◆ **INFORMATION**:

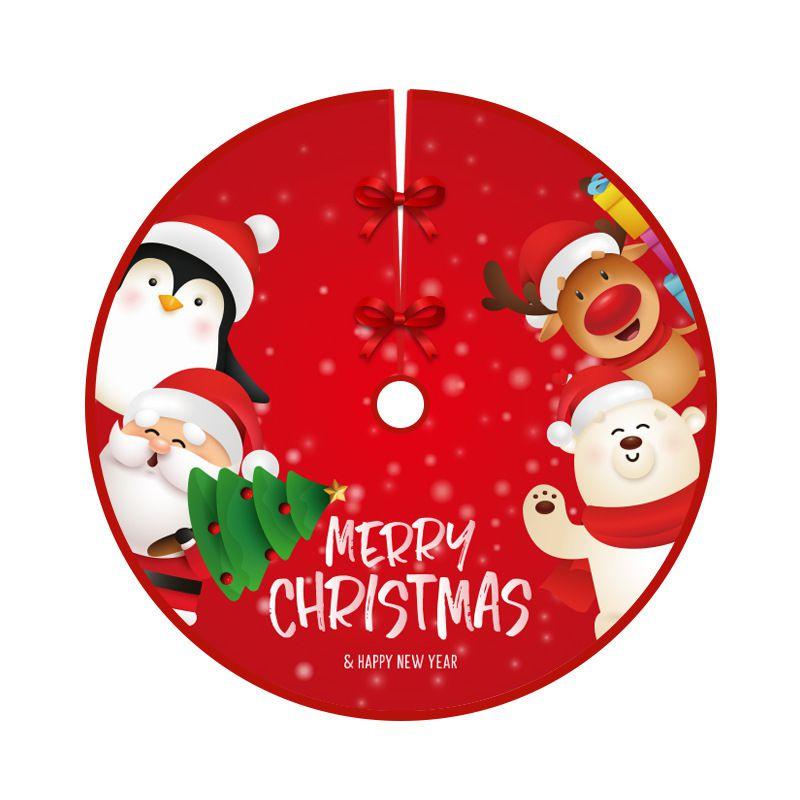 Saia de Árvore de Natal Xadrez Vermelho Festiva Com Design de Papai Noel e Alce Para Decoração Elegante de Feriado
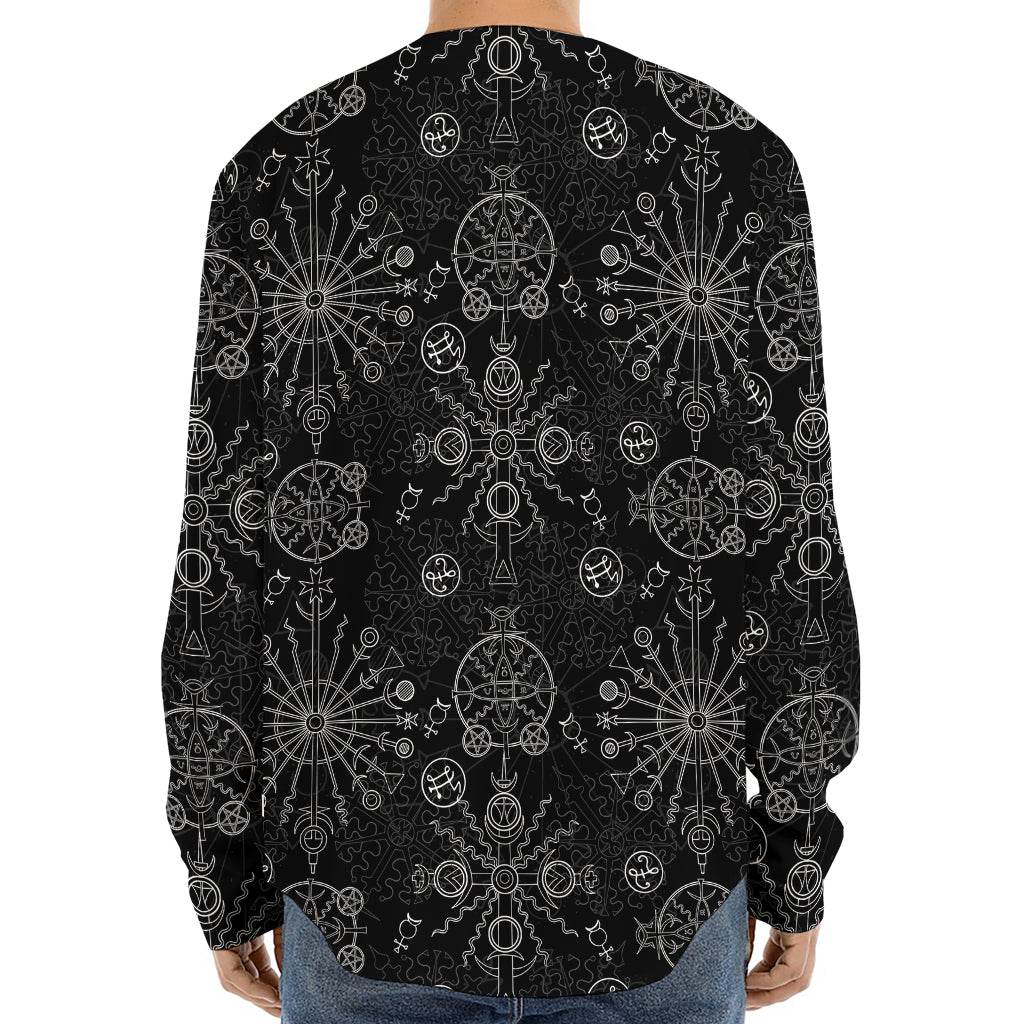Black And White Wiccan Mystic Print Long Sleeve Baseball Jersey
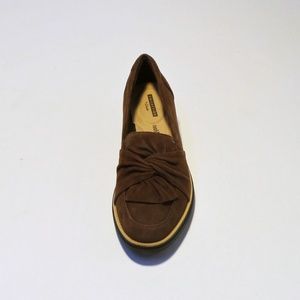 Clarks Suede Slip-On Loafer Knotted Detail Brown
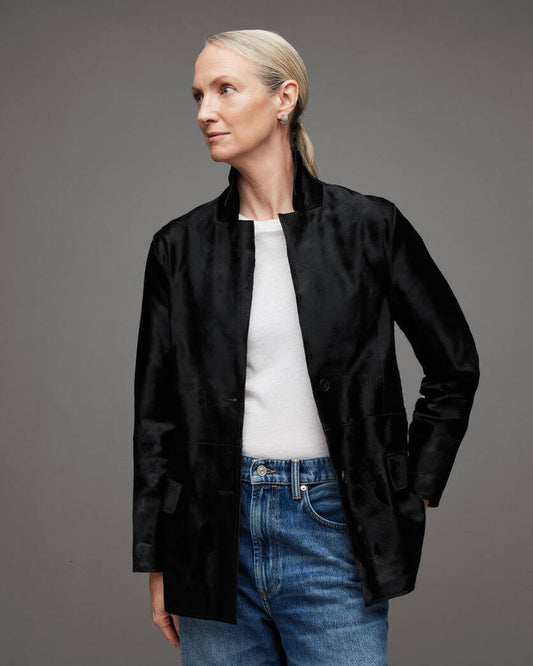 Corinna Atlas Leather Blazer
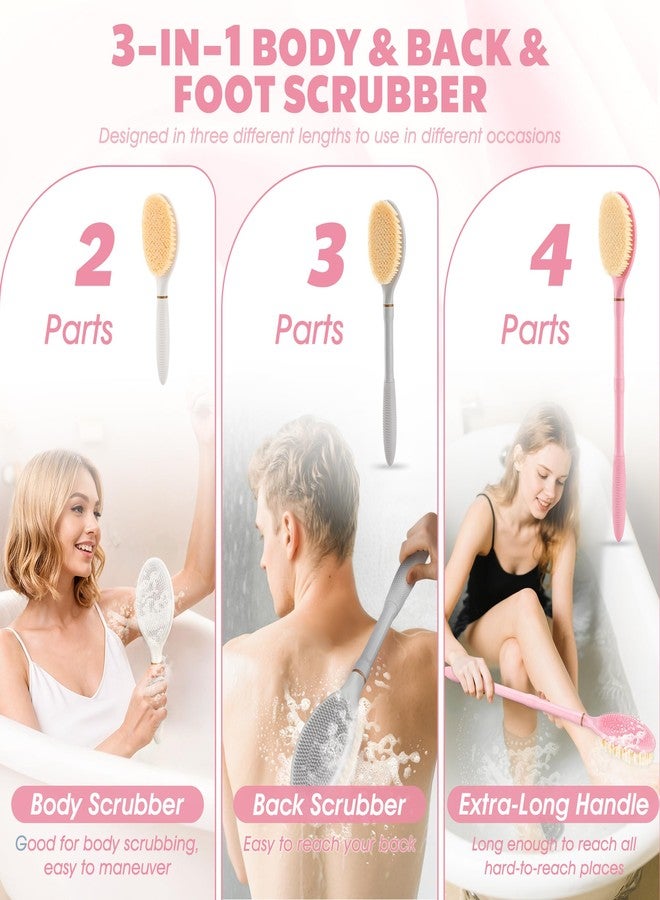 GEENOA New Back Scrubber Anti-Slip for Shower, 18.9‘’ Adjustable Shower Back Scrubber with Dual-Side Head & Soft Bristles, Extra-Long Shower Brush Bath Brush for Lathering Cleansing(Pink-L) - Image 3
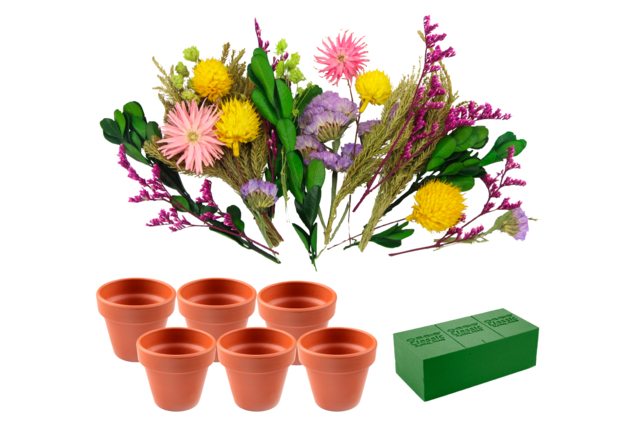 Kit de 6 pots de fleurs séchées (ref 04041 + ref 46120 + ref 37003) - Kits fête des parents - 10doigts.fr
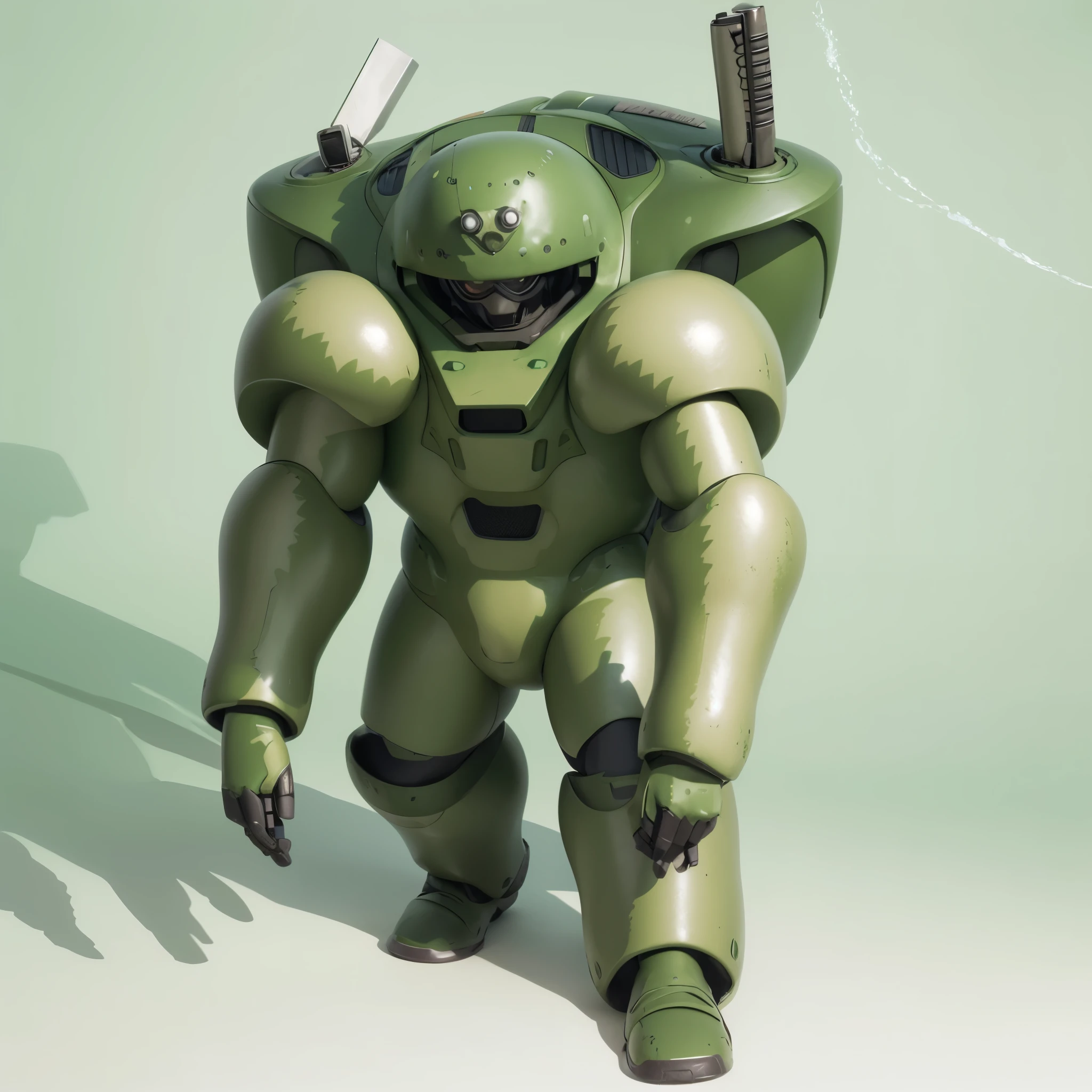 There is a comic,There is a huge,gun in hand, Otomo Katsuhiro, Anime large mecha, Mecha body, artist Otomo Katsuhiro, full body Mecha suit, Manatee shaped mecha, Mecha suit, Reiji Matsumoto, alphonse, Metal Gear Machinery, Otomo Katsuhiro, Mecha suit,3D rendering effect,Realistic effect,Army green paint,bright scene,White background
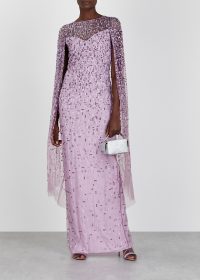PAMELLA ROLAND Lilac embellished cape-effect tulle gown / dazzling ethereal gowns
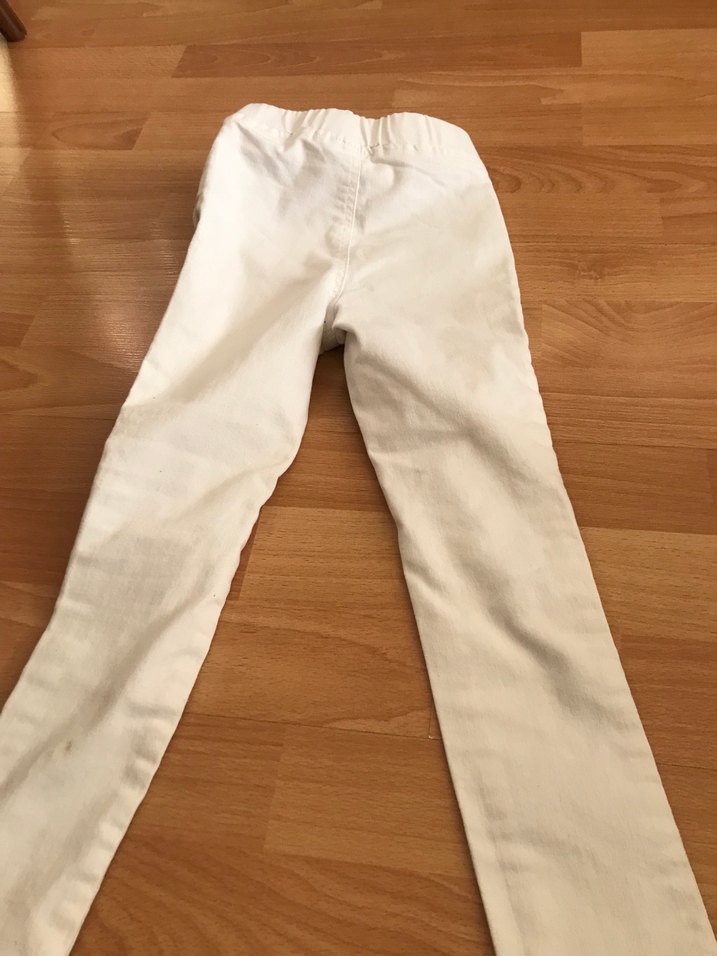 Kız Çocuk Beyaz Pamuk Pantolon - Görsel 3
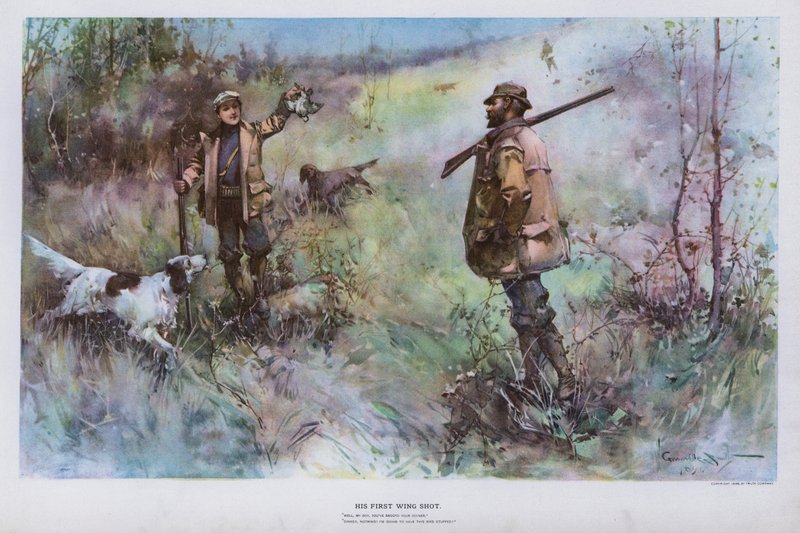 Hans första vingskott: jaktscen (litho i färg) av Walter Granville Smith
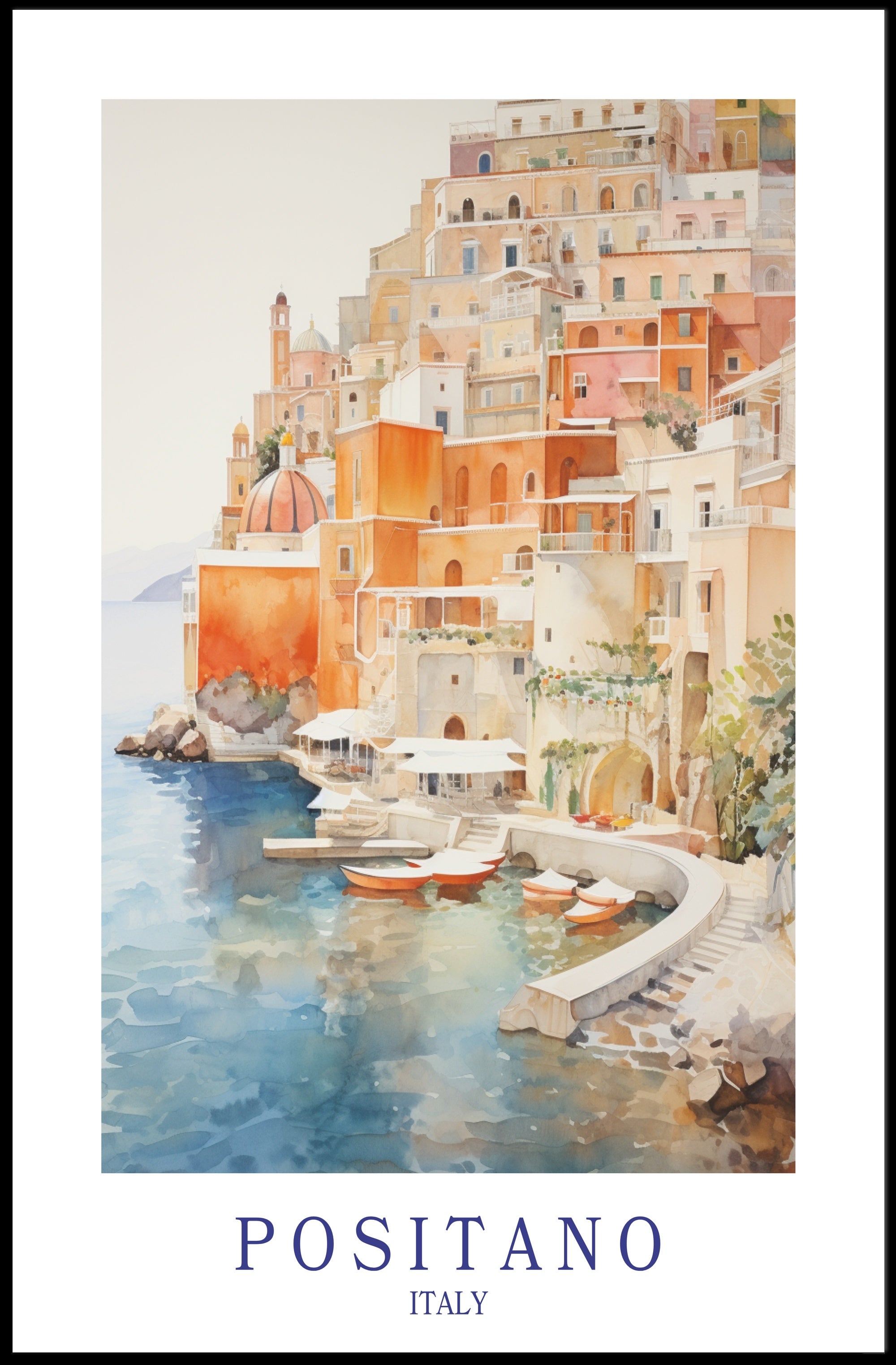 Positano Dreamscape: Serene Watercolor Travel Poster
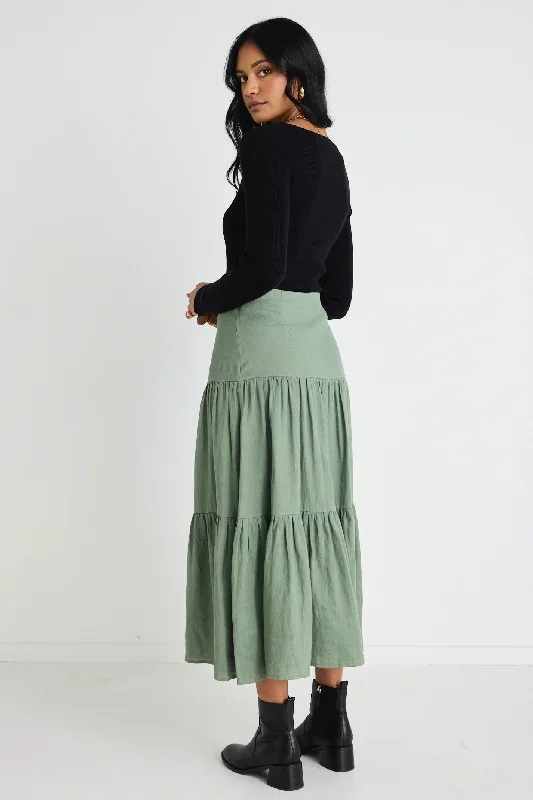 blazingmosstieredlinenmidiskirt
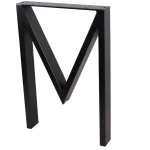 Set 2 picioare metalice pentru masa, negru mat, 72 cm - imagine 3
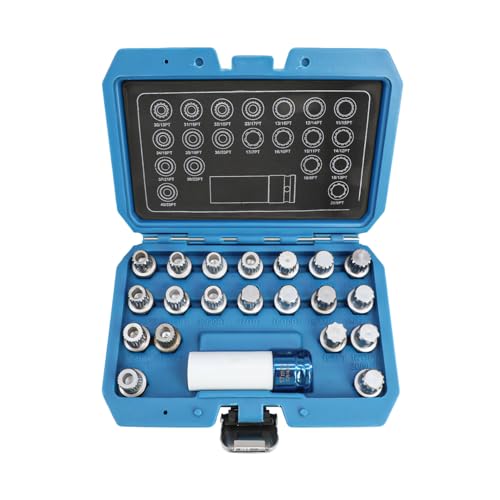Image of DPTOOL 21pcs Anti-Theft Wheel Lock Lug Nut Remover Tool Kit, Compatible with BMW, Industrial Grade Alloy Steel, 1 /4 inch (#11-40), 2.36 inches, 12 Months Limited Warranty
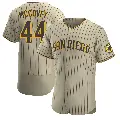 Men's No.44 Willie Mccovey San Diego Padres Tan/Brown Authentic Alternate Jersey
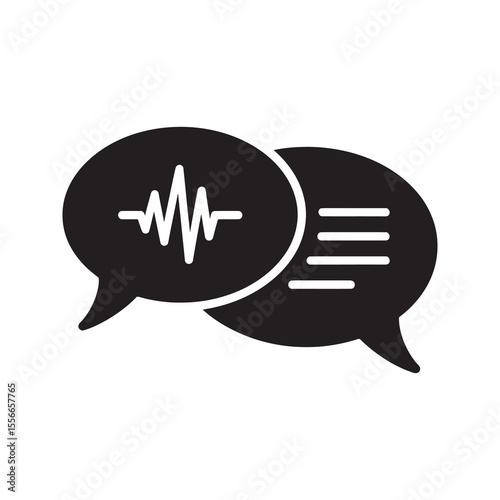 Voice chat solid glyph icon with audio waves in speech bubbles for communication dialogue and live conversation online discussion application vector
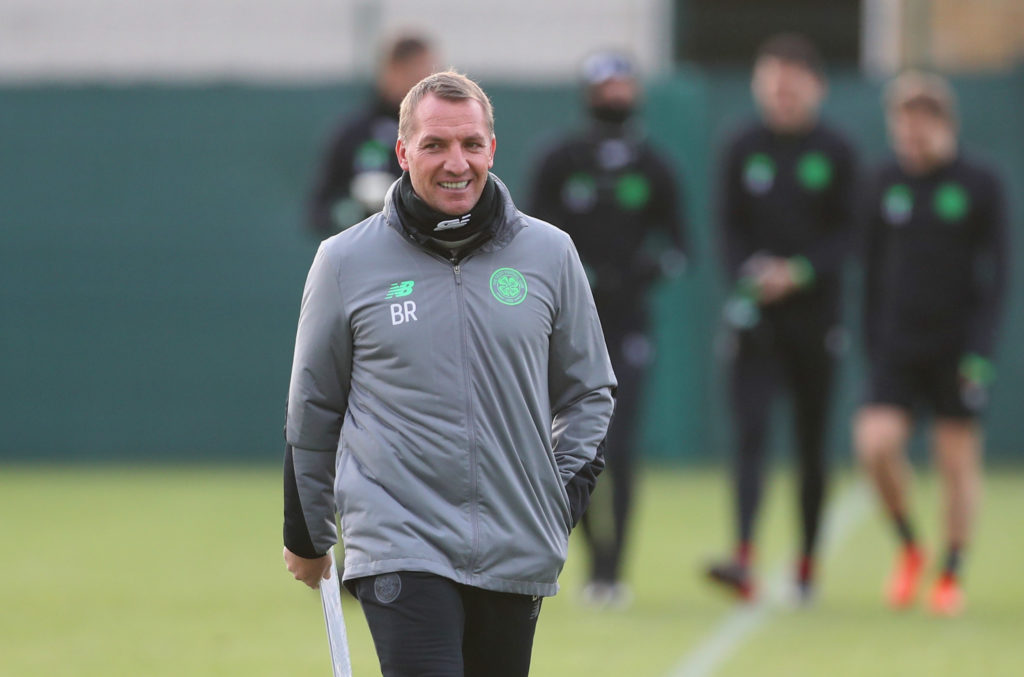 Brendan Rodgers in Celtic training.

◆ **ABOUT THIS TASK**: The finished answer is an exact repetition of the listing, with every picture removed.

◆ **PROBLEM SOLUTION**:
 Saia de Árvore de Natal Xadrez Vermelho Festiva Com Design de Papai Noel e Alce Para Decoração Elegante de Feriado
Black And White Wiccan Mystic Print Long Sleeve Baseball Jersey
 Clarks Suede Slip-On Loafer Knotted Detail Brown
 Corinna Atlas Leather Blazer
 GEENOA New Back Scrubber Anti-Slip for Shower, 18.9‘’ Adjustable Shower Back Scrubber with Dual-Side Head & Soft Bristles, Extra-Long Shower Brush Bath Brush for Lathering Cleansing(Pink-L) - Image 3
 Kit de 6 pots de fleurs séchées (ref 04041 + ref 46120 + ref 37003) - Kits fête des parents - 10doigts.fr
 There is a comic,There is a huge,gun in hand, Otomo Katsuhiro, Anime large mecha, Mecha body, artist Otomo Katsuhiro, full body Mecha suit, Manatee shaped mecha, Mecha suit, Reiji Matsumoto, alphonse, Metal Gear Machinery, Otomo Katsuhiro, Mecha suit,3D rendering effect,Realistic effect,Army green paint,bright scene,White background
PAMELLA ROLAND Lilac embellished cape-effect tulle gown / dazzling ethereal gowns
 Kız Çocuk Beyaz Pamuk Pantolon - Görsel 3
 Hans första vingskott: jaktscen (litho i färg) av Walter Granville Smith
 Positano Dreamscape: Serene Watercolor Travel Poster
 blazingmosstieredlinenmidiskirt
 Set 2 picioare metalice pentru masa, negru mat, 72 cm - imagine 3
Image of DPTOOL 21pcs Anti-Theft Wheel Lock Lug Nut Remover Tool Kit, Compatible with BMW, Industrial Grade Alloy Steel, 1 /4 inch (#11-40), 2.36 inches, 12 Months Limited Warranty
 Men's No.44 Willie Mccovey San Diego Padres Tan/Brown Authentic Alternate Jersey
 Voice chat solid glyph icon with audio waves in speech bubbles for communication dialogue and live conversation online discussion application vector
 Brendan Rodgers in Celtic training.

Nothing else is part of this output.